But, according to the report, those records mysteriously vanished. The exposé by Jordan Chariton and Jenn Dize notes:
But when investigators obtained access to Wells’s phone, they discovered something unusual. “For Dr. Wells’ phone the earliest message is from November 12, 2015,” then-Flint special prosecutor Todd Flood wrote in a subpoena petition obtained by The Intercept. During the key period that investigators were probing, no messages were found. In 2018, a judge ruled that Wells would have to stand trial for involuntary manslaughter, along with obstruction of justice, over her role in the water crisis. (Those charges were dropped by current Attorney General Dana Nessel in 2019; in January 2021, Nessel’s Flint water prosecutors recharged Wells with involuntary manslaughter, misconduct in office, and neglect of duty.)
The report says a similar story more or less repeated itself for numerous other top officials in former governor Snyder’s administration.
Then-MDHHS chief deputy director Tim Becker‘s phone, upon being turned over to investigators, lacked any text messages prior to April 14, 2016 — two months before he would exit that role.
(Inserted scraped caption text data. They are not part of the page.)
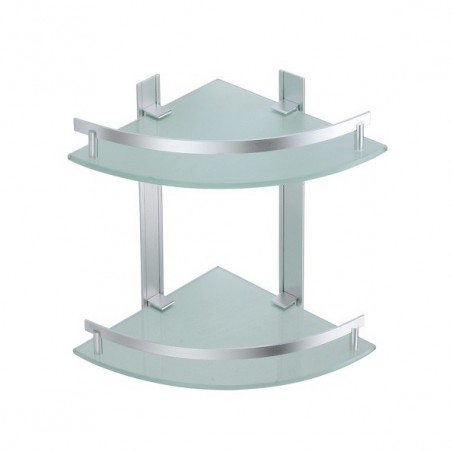 MSV Shower corner shelf 2 levels to be fixed TABARCA Alu & Satin Glass MSV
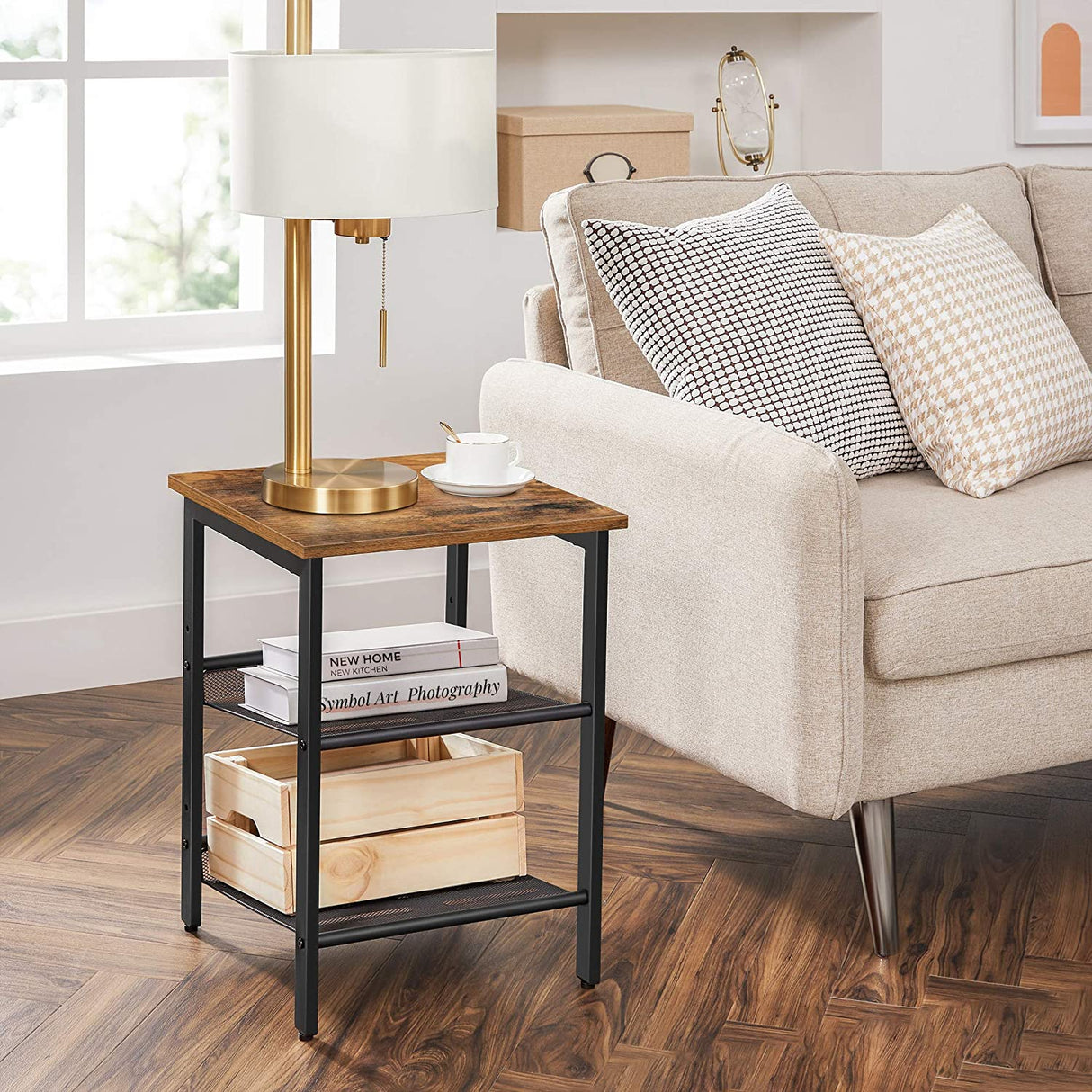 Industrial Chic Set of 2 Nightstands with Versatile Mesh Shelves in Rustic Brown and Black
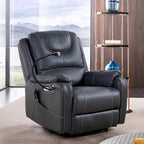 Fauteuil inclinable électrique zéro gravité en cuir reconstitué avec massage et chauffage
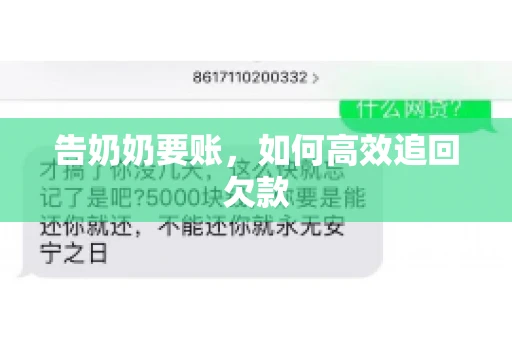告奶奶要账，如何高效追回欠款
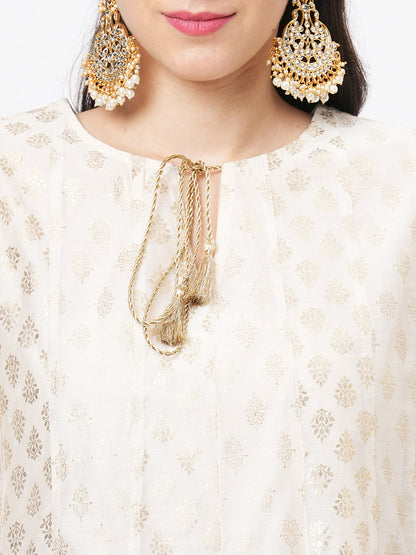 Hashtag Be Opulent offwhite chanderi Anarkali kurta with two prints in gold and complimenting gold chord at the neck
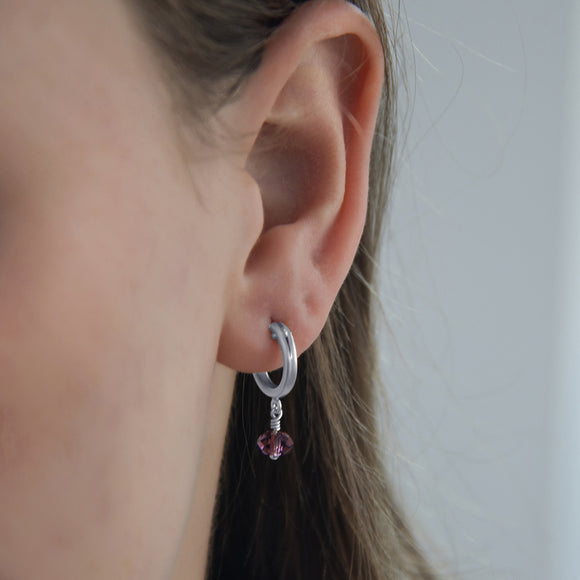 february birthstone hoop earrings silver 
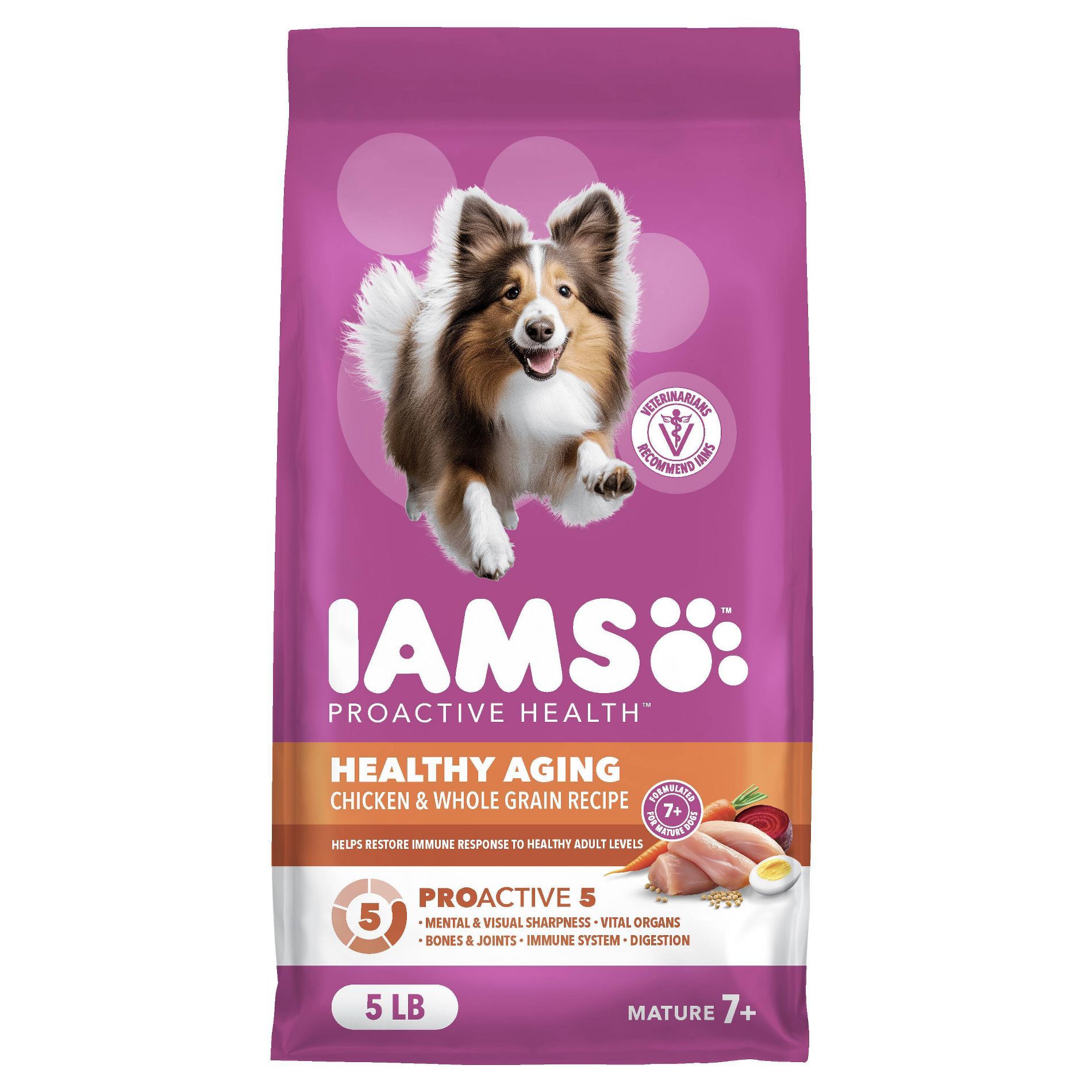 IAMS Healthy Aging Chicken and Whole Grains Recipe Mature Senior Dry Dog Food - 5lbs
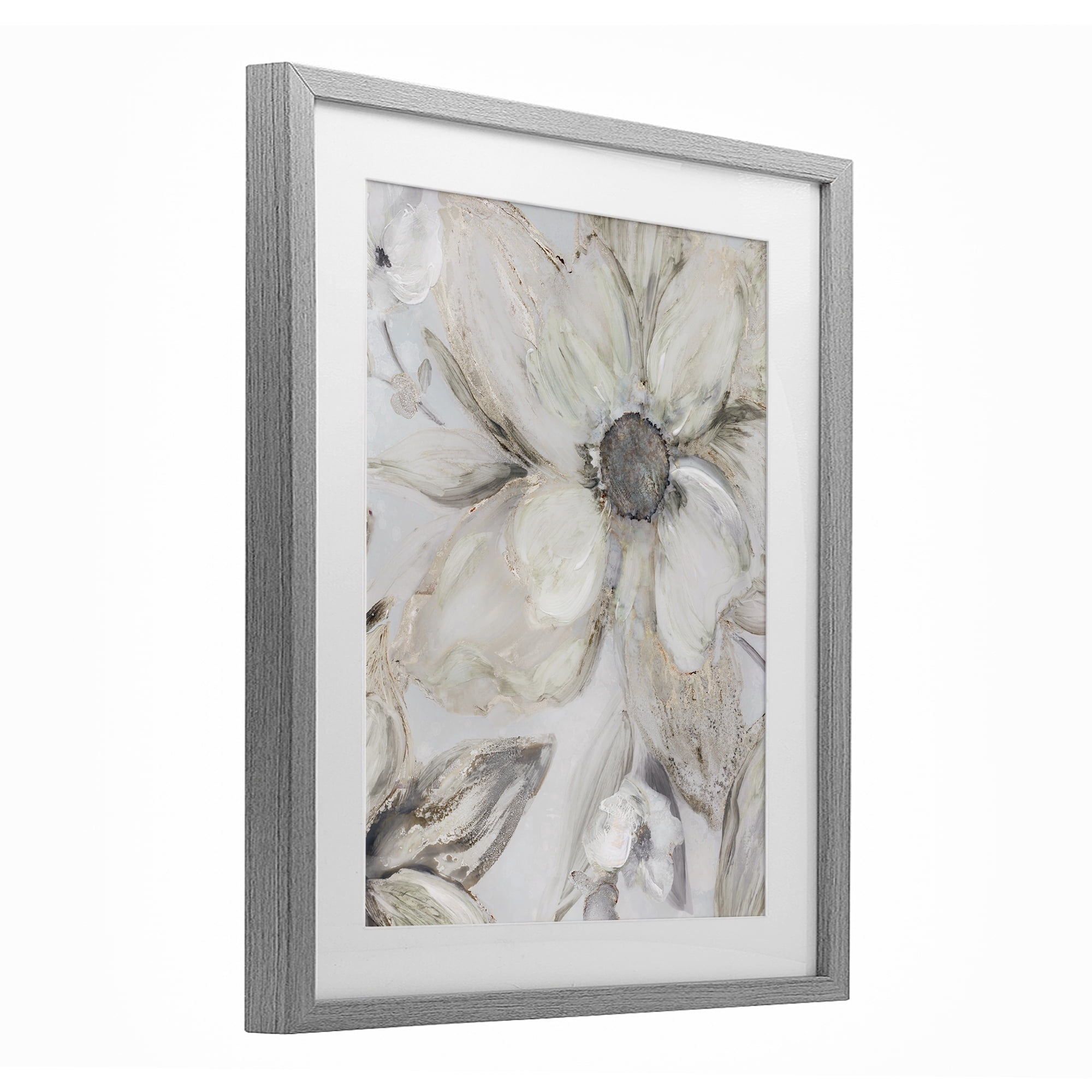 Stupell Industries Sandstone Tone Blooms Gray Framed Print Under Glass, design by Carol Robinson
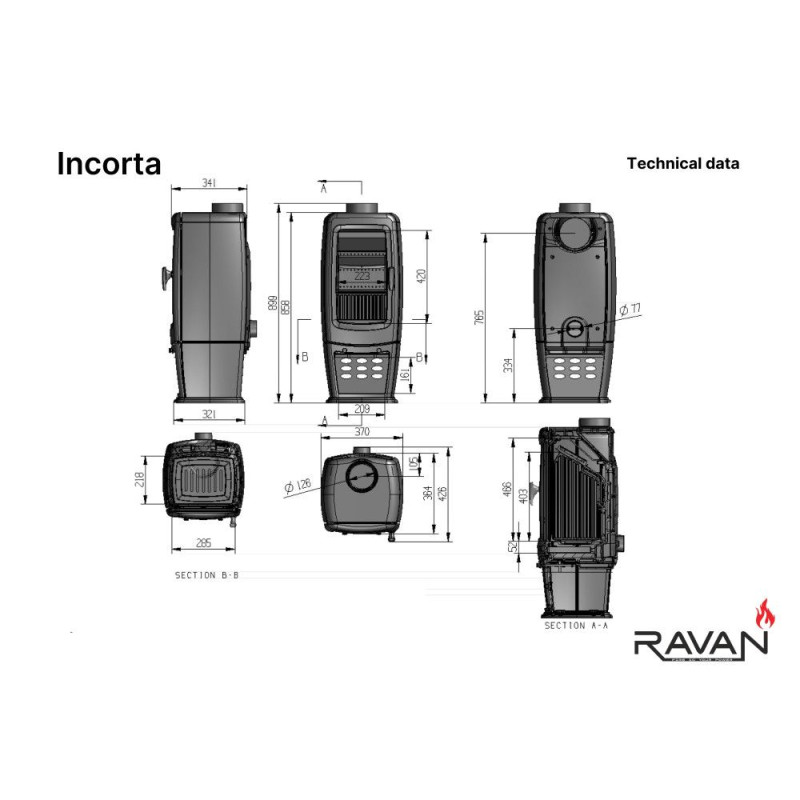 Чавунна піч-камін Ravan Incorta 10 кВт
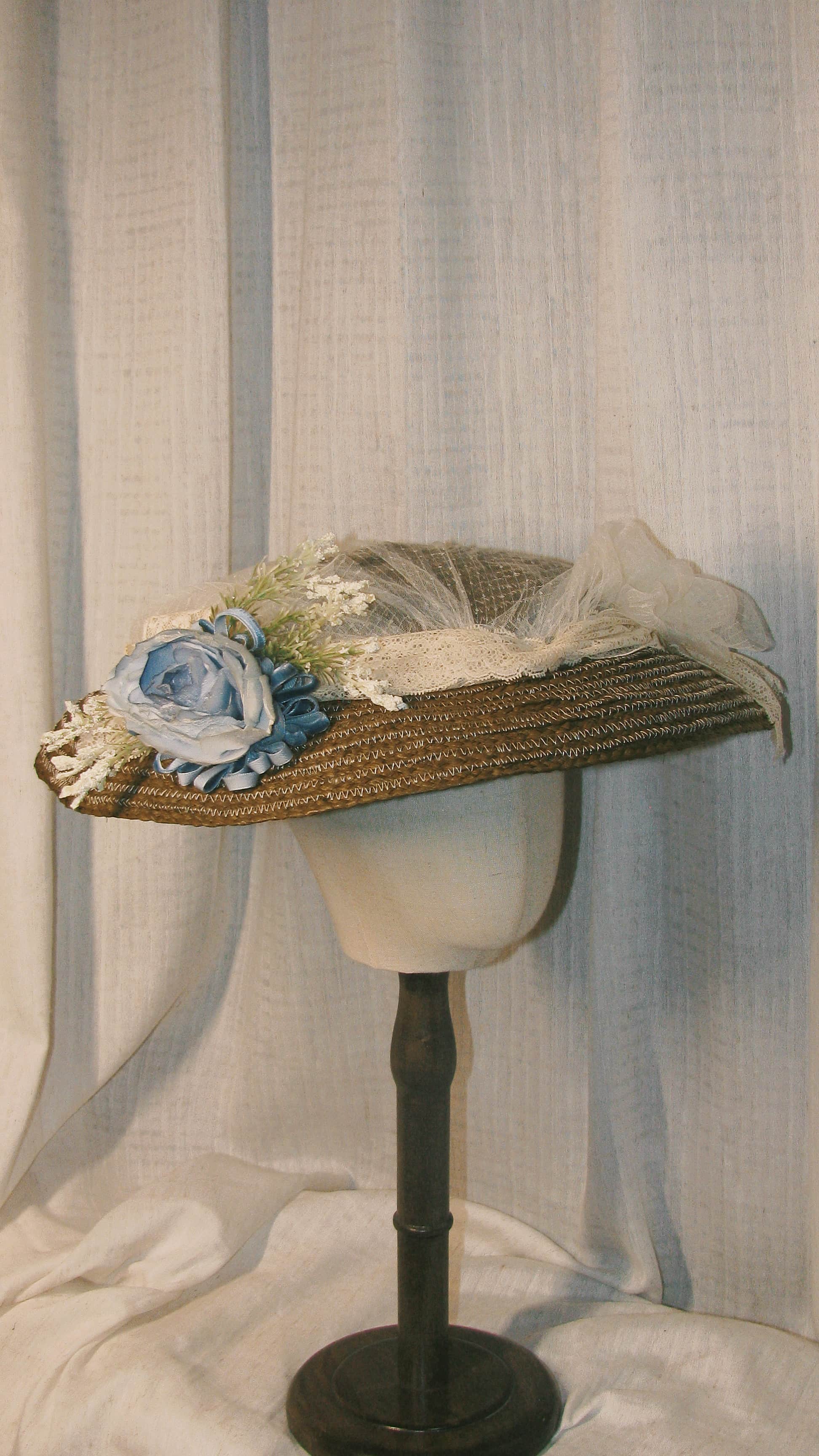 1900 Brown Woven Wide-Brim Hat with Lace & Blue Flower - Rustic Retro Headwear ARHA1025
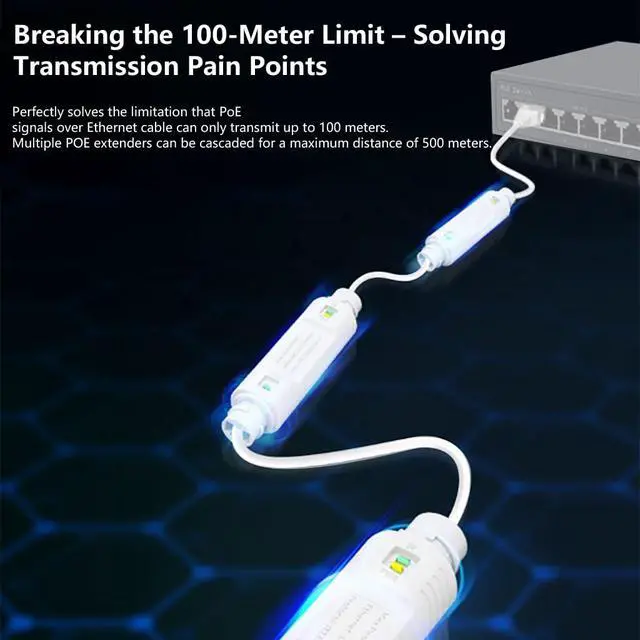 Alt view image 7 of 7 - 48V Waterproof POE-Compatible Extender Outdoor 500M Long-Distance Power Supply with POE-Compatible + Uplink Electrical Ports (Gigabit)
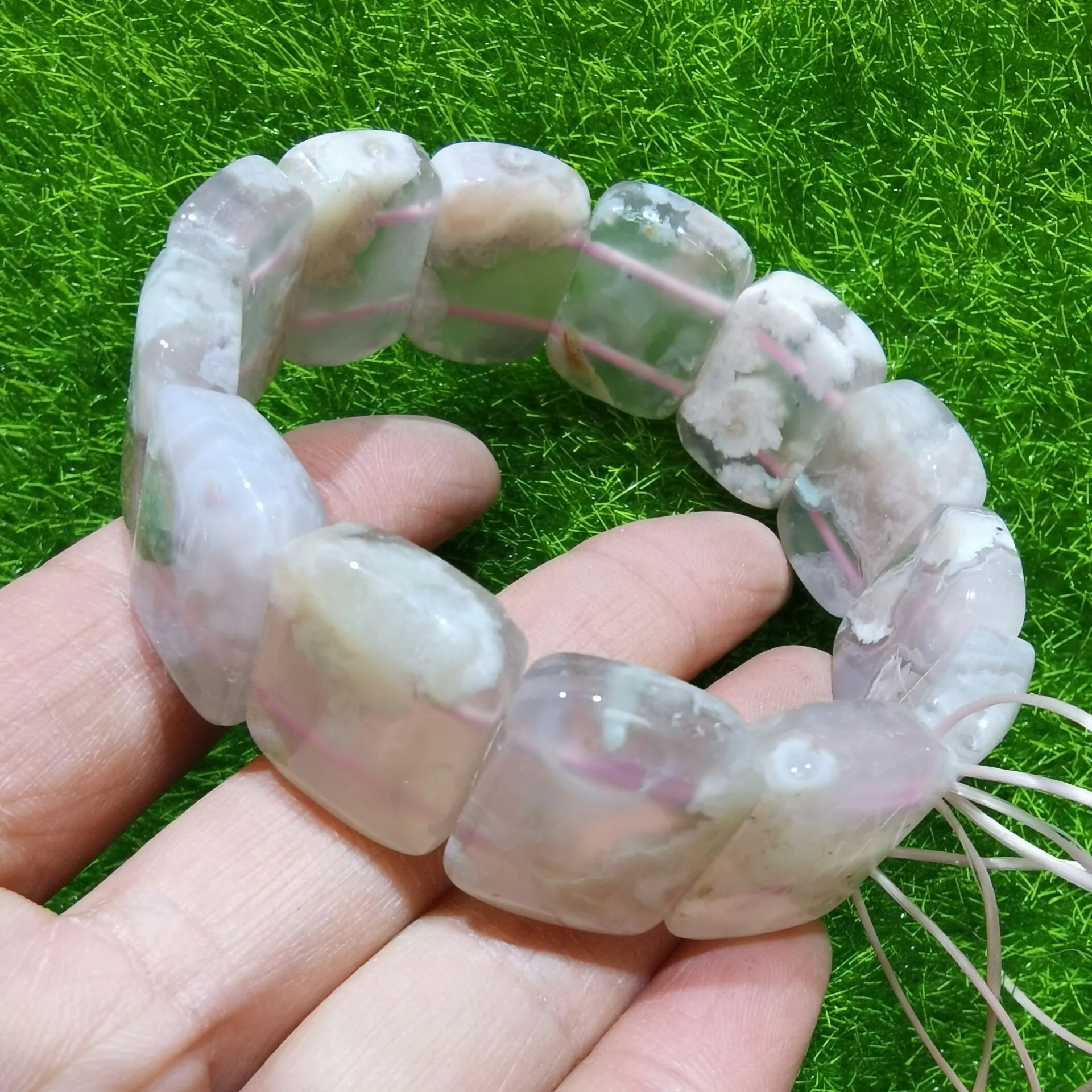

Natural Pink Flower Agate Bracelet Men Women Fine Jewelry Cherry Blossom Agate Gemstones Beads Wide Beaded Bracelets Bangles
Becker first raised questions about the Legionella outbreak in January 2015.
Patricia Kane is an epidemiologist with MDHHS who previously testified that Wells told her to lie about blood-lead levels discovered in Flint’s children. Investigators only found seven total text messages on her phone. Sarah Lyon-Callo, the director of the state Bureau of Epidemiology and Population Health, who Wells communicated with about accusations that the Snyder administration was engaged in a coverup, had no messages on her phone before June 2016.
“Again, for some strange reason the earliest text message in time on her device begins June 20, 2016,” special prosecutor Flood noted.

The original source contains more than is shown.